◆ **What you should do**: The entries are to be returned exactly, with images left out.

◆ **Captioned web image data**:
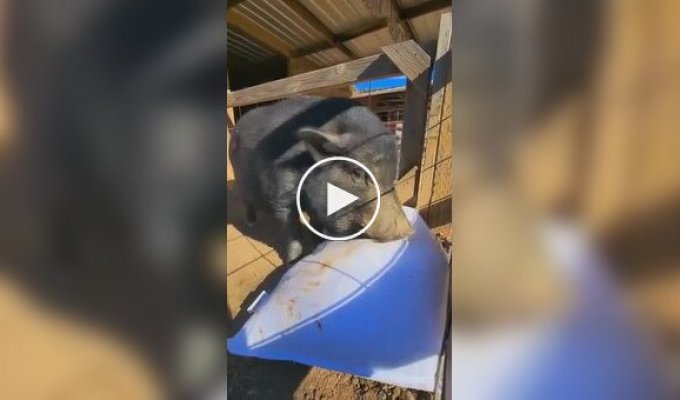 Нашел счастье: домашний кабанчик стал мегазвездой из-за реакции на подарок хозяйки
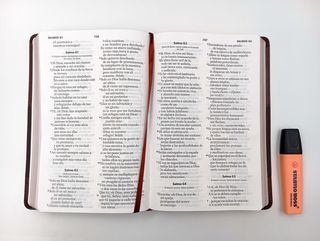 Biblia NVI letra grande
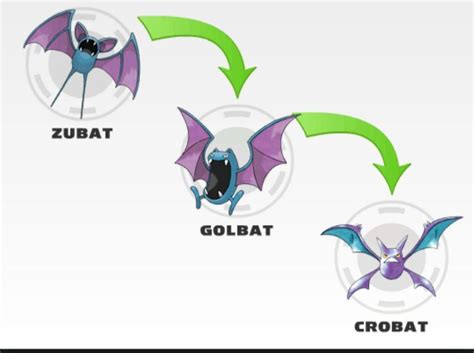 Zubat Evolution | Pokémon Amino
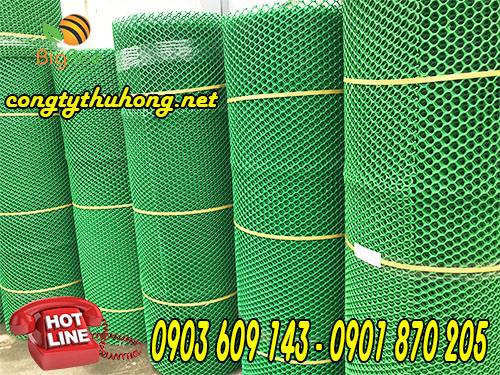 ưới nhựa xanh mắt cáo giá sỉ rẻ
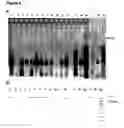 Fig. 06 - Method for linking sequences of interest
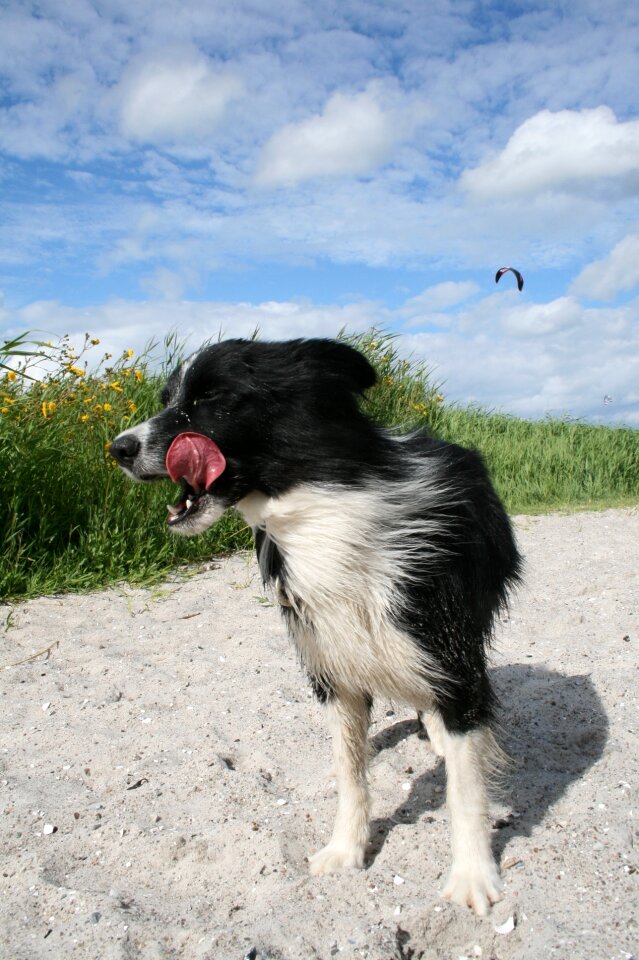 Sand beach fun baltic sea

◆ **Answer space**:
 Нашел счастье: домашний кабанчик стал мегазвездой из-за реакции на подарок хозяйки
 Biblia NVI letra grande
 Zubat Evolution | Pokémon Amino
 ưới nhựa xanh mắt cáo giá sỉ rẻ
 Fig. 06 - Method for linking sequences of interest
 Sand beach fun baltic sea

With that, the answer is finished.